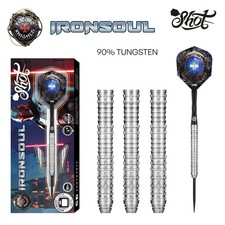 Shot Future Knights Ironsoul Steel Tip Dart Set-90 Tungsten Barrels-26gm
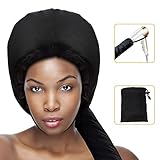 Bonnet Hair Dryer Attachment Hair Drying Soft Cap with Unique Adjustable Chin Strap for Long Haired Women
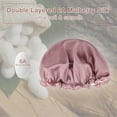thumbnail image 2 of Unique Bargains Sleep Caps with Adjustable Elastic Bands 1 Pc Pink L, 2 of 7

**********

- _ASSIGNED TASK_
From the line containing "Bonnet Hair Dryer" down to the end of the listing above, every line is to be returned exactly, though the pictures are not.

- _SOLUTION TO THIS TASK_
 Bonnet Hair Dryer Attachment Hair Drying Soft Cap with Unique Adjustable Chin Strap for Long Haired Women
thumbnail image 2 of Unique Bargains Sleep Caps with Adjustable Elastic Bands 1 Pc Pink L, 2 of 7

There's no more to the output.